#### Data supplied ####

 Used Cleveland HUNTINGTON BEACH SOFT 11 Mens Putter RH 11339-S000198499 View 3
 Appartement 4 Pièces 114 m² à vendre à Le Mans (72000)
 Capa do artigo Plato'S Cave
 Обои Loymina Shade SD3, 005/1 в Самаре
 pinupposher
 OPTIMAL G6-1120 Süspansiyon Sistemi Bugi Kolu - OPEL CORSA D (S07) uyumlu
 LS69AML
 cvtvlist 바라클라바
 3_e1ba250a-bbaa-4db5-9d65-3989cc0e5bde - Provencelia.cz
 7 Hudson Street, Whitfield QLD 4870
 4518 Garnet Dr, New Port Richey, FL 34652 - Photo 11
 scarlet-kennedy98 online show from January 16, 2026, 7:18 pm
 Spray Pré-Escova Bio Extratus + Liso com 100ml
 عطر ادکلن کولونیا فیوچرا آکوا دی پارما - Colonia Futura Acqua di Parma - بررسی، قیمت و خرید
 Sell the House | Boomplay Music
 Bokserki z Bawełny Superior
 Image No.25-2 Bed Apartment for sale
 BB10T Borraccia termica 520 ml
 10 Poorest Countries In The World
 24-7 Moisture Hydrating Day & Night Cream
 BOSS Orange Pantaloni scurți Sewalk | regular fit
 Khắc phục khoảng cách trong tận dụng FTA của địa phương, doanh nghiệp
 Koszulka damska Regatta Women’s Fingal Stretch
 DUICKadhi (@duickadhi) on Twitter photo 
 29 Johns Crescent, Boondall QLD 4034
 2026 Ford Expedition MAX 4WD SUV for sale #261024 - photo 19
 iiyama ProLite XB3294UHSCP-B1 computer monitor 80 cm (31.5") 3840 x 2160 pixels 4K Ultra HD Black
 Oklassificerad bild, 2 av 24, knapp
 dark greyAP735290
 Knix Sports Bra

####

» Task instructions: Please transcribe the records exactly from their first line through the line holding "BOSS Orange Pantaloni", and leave out all others.

» Written answer:
 Used Cleveland HUNTINGTON BEACH SOFT 11 Mens Putter RH 11339-S000198499 View 3
 Appartement 4 Pièces 114 m² à vendre à Le Mans (72000)
 Capa do artigo Plato'S Cave
 Обои Loymina Shade SD3, 005/1 в Самаре
 pinupposher
 OPTIMAL G6-1120 Süspansiyon Sistemi Bugi Kolu - OPEL CORSA D (S07) uyumlu
 LS69AML
 cvtvlist 바라클라바
 3_e1ba250a-bbaa-4db5-9d65-3989cc0e5bde - Provencelia.cz
 7 Hudson Street, Whitfield QLD 4870
 4518 Garnet Dr, New Port Richey, FL 34652 - Photo 11
 scarlet-kennedy98 online show from January 16, 2026, 7:18 pm
 Spray Pré-Escova Bio Extratus + Liso com 100ml
 عطر ادکلن کولونیا فیوچرا آکوا دی پارما - Colonia Futura Acqua di Parma - بررسی، قیمت و خرید
 Sell the House | Boomplay Music
 Bokserki z Bawełny Superior
 Image No.25-2 Bed Apartment for sale
 BB10T Borraccia termica 520 ml
 10 Poorest Countries In The World
 24-7 Moisture Hydrating Day & Night Cream
 BOSS Orange Pantaloni scurți Sewalk | regular fit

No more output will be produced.